This is the mail archive of the
gcc-bugs@gcc.gnu.org
mailing list for the GCC project.
[Bug tree-optimization/60172] [4.9/4.10 Regression] ARM performance regression from trunk at 207239
- From: "thomas.preudhomme at arm dot com" <gcc-bugzilla at gcc dot gnu dot org>
- To: gcc-bugs at gcc dot gnu dot org
- Date: Thu, 15 May 2014 09:51:51 +0000
- Subject: [Bug tree-optimization/60172] [4.9/4.10 Regression] ARM performance regression from trunk at 207239
- Auto-submitted: auto-generated
- References: <bug-60172-4 at http dot gcc dot gnu dot org/bugzilla/>
https://gcc.gnu.org/bugzilla/show_bug.cgi?id=60172
--- Comment #20 from Thomas Preud'homme <thomas.preudhomme at arm dot com> ---
(In reply to rguenther@suse.de from comment #19)
> On Thu, 15 May 2014, thomas.preudhomme at arm dot com wrote:
>
> > https://gcc.gnu.org/bugzilla/show_bug.cgi?id=60172
> >
> > --- Comment #18 from Thomas Preud'homme <thomas.preudhomme at arm dot com> ---
> > (In reply to Richard Biener from comment #17)
> > >
> > > Citing myself:
> > >
> > > On the GIMPLE level before expansion we have
> > >
> > > +40 = Arr_2_Par_Ref_22(D) + (_41 + pretmp_20);
> > >
> > > _51 = Arr_2_Par_Ref_22(D) + (_41 + (pretmp_20 + 1000));
> > >
> > > so if _51 were Arr_2_Par_Ref_22(D) + ((_41 + pretmp_20) + 1000);
> > >
> > > then _41 + pretmp_20 would be fully redundant with the expression needed
> > > by _40.
> >
> > Yes I saw that but I was wondering why would reassoc try this association
> > rather than another since the header of the file doesn't mention any special
> > treatment of explicit integer constants.
> >
> > Besides, wouldn't it still misses that fact that _51 = _40 + 1000?
>
> Yes.

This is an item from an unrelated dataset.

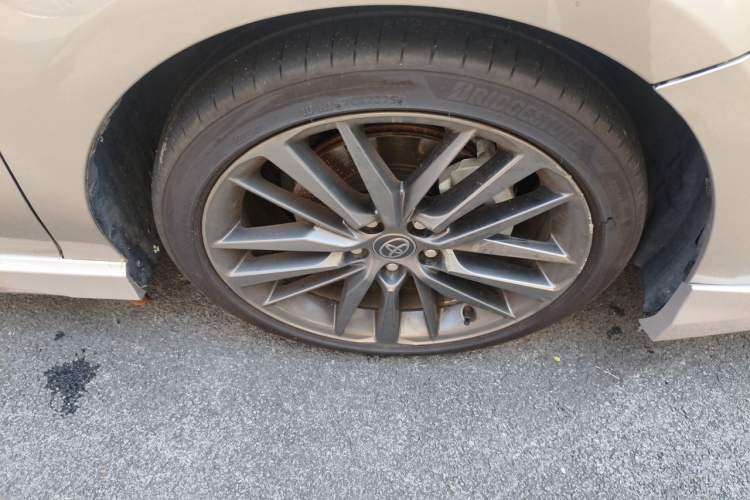 Used Toyota Camry 2024 Dual-Motor 2.0 HXS Sport Plus Edition Right Front Wheel Hub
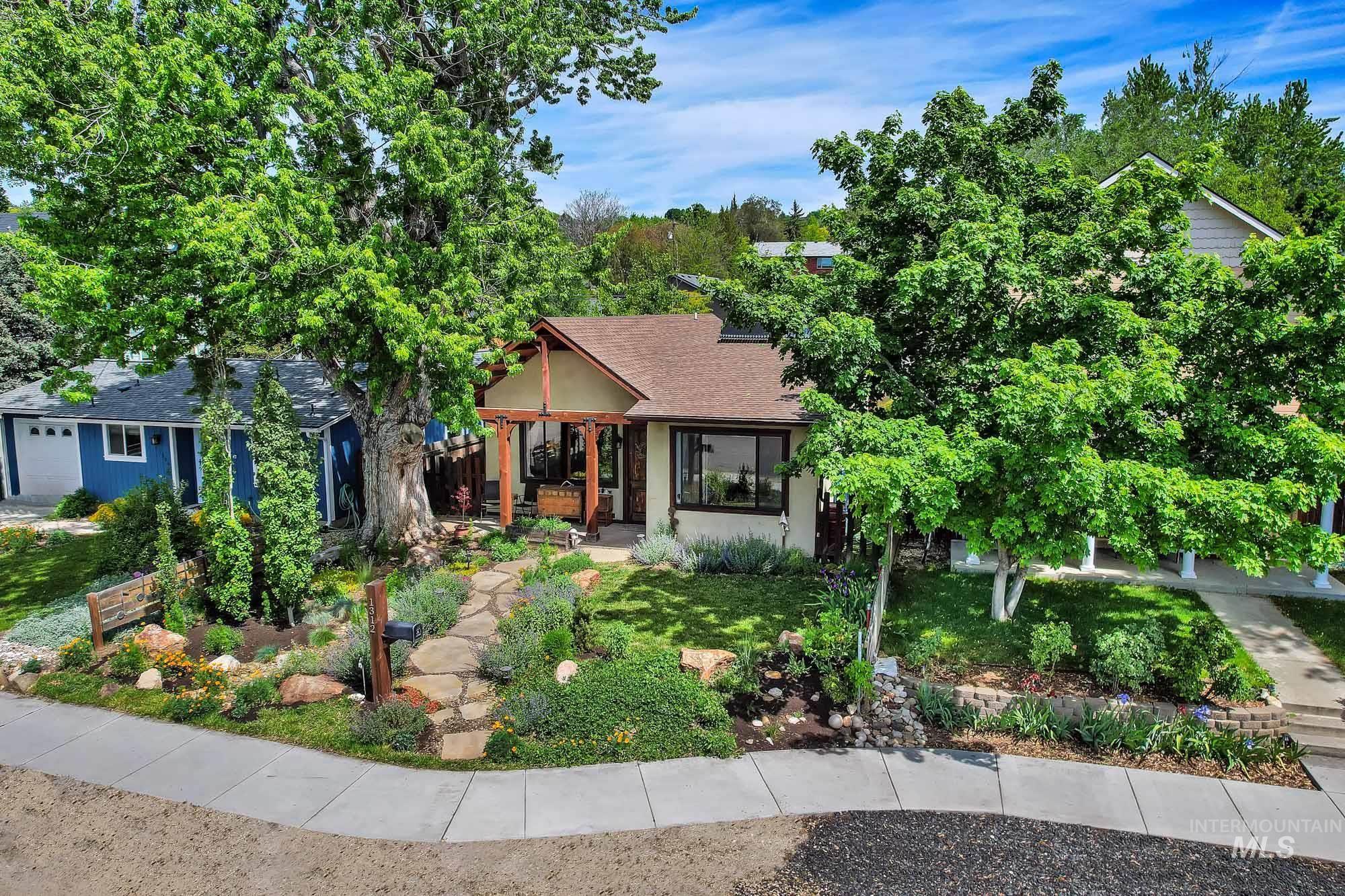 1312 E Franklin St, Boise, Idaho 83712, 2 Bedrooms, 1 Bathroom, Residential For Sale, Price $624,900, 98986215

But reassoc doesn't associate across POINTER_PLUS_EXPRs.
Is there a reason for that?
>
> RTL CSE could catch it, but for it the association would have to
> be the same for both. If we start from the proposed form
> then at RTL expansion time we could associate
> pointer + (X + CST) to (pointer + X) + CST.
Right.
>
> Feels all somewhat hacky, of course (and relies on TER). There
> may be cases where doing the opposite is better (for example
> if you have ptr1 + (X + 1000) and ptr2 + (X + 1000)). Association
> to make CSE possible is always hard if CSE itself cannot associate
> to maximize the number of CSE opportunities. So at the moment
> any choice is just canonicalization.
Exactly my thought. I'm not sure if that's what you have in mind when you write
association for CSE but I was thinking about a scheme that ressemble what
tree_to_aff_combination_expand does and organize all expanded expression to
compare them easily (read efficiently). With such a capability it would then
not be necessary to do the first replacement with forprop+reassoc+dom as
everything could be done in CSE.